Girls Overheard While Assembling a Puzzle
Are you sure this blue is the same as the
blue over there? This wall’s like the
bottom of a pool, its
color I mean. I need a
darker two-piece this summer, the kind with
elastic at the waist so it actually
fits. I can’t
find her hands. Where does this gold
go? It’s like the angel’s giving
her a little piece of honeycomb to eat.
I don’t see why God doesn’t
just come down and
kiss her himself. This is the red of that
lipstick we saw at the
mall. This piece of her
neck could fit into the light part
of the sky. I think this is a
piece of water. What kind of
queen? You mean
right here? And are we supposed to believe
she can suddenly
talk angel? Who thought this stuff
up? I wish I had a
velvet bikini.

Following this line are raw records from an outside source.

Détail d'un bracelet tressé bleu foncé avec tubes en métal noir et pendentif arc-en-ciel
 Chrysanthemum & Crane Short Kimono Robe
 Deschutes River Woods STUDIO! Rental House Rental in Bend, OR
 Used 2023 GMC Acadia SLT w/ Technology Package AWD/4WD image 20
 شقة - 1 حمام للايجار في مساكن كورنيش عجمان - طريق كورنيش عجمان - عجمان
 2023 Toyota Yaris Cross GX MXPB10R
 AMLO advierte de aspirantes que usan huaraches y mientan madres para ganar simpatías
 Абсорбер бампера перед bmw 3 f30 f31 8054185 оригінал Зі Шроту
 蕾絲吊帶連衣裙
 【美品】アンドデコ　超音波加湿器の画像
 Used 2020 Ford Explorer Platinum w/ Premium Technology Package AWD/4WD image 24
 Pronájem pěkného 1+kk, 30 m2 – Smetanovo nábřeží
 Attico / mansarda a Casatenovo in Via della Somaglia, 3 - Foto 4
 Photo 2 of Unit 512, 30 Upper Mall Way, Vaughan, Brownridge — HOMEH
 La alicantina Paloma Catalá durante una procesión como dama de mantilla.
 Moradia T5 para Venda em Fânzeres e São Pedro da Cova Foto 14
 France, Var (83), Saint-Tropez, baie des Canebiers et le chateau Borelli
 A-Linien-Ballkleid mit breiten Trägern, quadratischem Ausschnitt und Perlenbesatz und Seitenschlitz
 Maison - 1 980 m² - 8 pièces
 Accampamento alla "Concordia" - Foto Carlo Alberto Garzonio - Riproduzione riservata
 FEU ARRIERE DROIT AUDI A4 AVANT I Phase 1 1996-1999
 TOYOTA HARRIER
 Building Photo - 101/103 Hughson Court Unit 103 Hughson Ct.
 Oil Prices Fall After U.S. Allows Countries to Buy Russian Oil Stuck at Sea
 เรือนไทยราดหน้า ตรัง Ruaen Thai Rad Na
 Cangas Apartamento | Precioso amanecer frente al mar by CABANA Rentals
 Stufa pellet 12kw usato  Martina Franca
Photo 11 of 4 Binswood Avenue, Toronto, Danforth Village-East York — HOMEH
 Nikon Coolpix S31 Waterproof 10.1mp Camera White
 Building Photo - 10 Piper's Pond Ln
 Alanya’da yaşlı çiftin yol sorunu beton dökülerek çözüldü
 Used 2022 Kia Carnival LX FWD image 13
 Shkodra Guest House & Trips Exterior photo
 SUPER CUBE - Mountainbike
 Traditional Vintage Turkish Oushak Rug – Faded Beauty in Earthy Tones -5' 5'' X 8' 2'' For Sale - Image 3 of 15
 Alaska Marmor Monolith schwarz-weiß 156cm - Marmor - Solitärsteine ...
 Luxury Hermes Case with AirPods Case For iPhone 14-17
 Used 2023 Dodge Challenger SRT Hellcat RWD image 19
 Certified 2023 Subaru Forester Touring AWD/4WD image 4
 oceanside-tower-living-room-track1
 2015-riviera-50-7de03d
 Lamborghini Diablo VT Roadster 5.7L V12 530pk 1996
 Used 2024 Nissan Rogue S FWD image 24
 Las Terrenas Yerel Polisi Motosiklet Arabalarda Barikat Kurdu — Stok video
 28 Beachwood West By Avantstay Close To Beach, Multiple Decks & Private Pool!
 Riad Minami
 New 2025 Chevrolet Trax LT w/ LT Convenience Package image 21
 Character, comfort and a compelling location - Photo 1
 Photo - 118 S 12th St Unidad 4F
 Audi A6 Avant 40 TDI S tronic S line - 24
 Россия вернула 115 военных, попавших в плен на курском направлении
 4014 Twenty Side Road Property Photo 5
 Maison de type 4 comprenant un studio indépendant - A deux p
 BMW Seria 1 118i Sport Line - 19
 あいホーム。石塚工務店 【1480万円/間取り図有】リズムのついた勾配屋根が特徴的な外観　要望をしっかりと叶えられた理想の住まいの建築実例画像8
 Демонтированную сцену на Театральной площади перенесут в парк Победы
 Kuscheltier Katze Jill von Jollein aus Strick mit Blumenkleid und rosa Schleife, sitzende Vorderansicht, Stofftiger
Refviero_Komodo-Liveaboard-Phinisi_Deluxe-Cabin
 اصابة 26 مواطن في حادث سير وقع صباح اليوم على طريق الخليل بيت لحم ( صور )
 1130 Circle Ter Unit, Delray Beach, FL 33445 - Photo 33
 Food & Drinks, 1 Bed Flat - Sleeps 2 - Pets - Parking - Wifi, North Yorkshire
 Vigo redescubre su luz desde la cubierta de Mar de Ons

That flower’s the color of the
veins in my grandmother’s hands. I
wish we could
walk into that garden and pick an
X-ray to float on.
Yeah. I do too. I’d say a
zillion yeses to anyone for that.
Finally, Ashley M. Jones had this to say about her "Lullaby": "I wrote this poem at the Sipsey Wilderness near that same river in Alabama. I didn’t expect to write about my grief process, but it seemed the Wilderness was showing me that my grief for my father was very similar to the difficult hiking path to the river. I’m not an experienced hiker. I was afraid of ticks and injury. This large, all-encompassing grief is new to me, too. I’m afraid, constantly, of its prick and haunt. But there are angels and carriers of light, and I know my dad is one of them now."